* Goal of the exercise
Reproduce word for word every line from the one containing "Used 2025 Volkswagen" to the final line of the data below; omit the pictures.

* Data
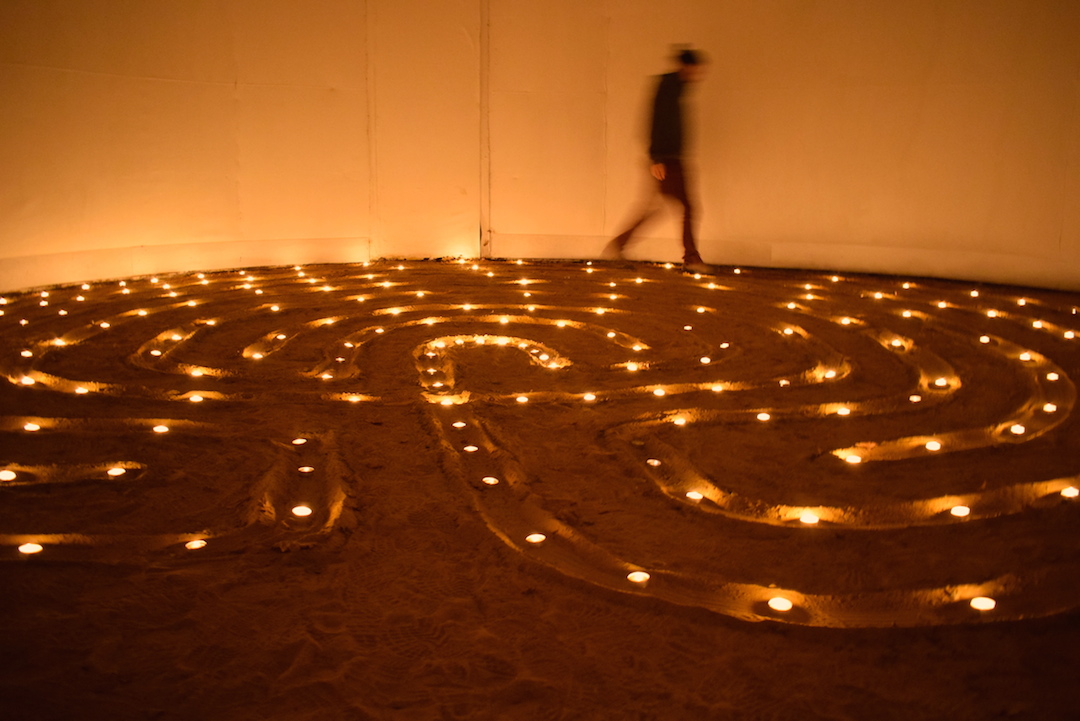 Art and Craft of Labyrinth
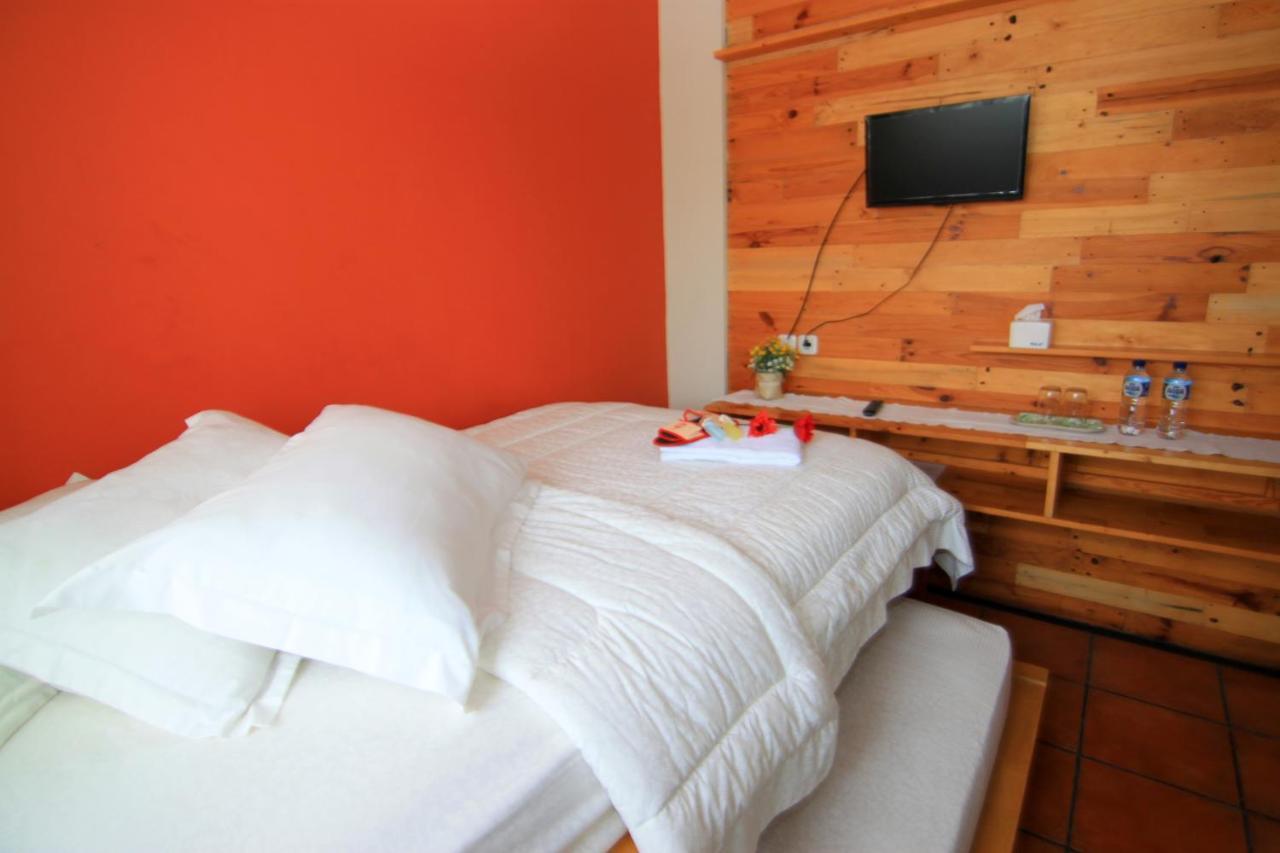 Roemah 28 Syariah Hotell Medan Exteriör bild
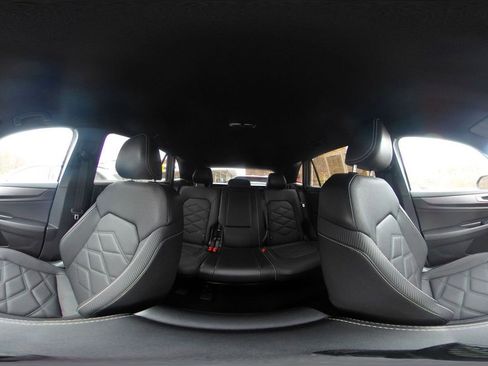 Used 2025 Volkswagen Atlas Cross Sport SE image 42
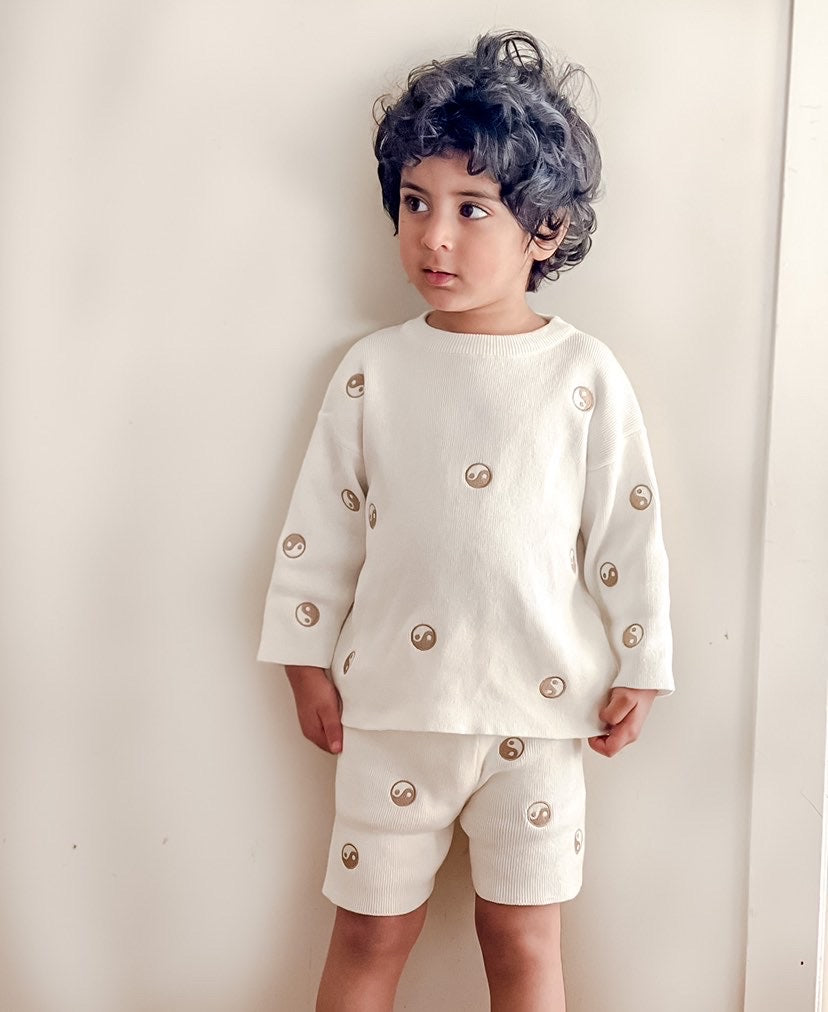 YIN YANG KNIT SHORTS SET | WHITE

* The answer
 Used 2025 Volkswagen Atlas Cross Sport SE image 42
 YIN YANG KNIT SHORTS SET | WHITE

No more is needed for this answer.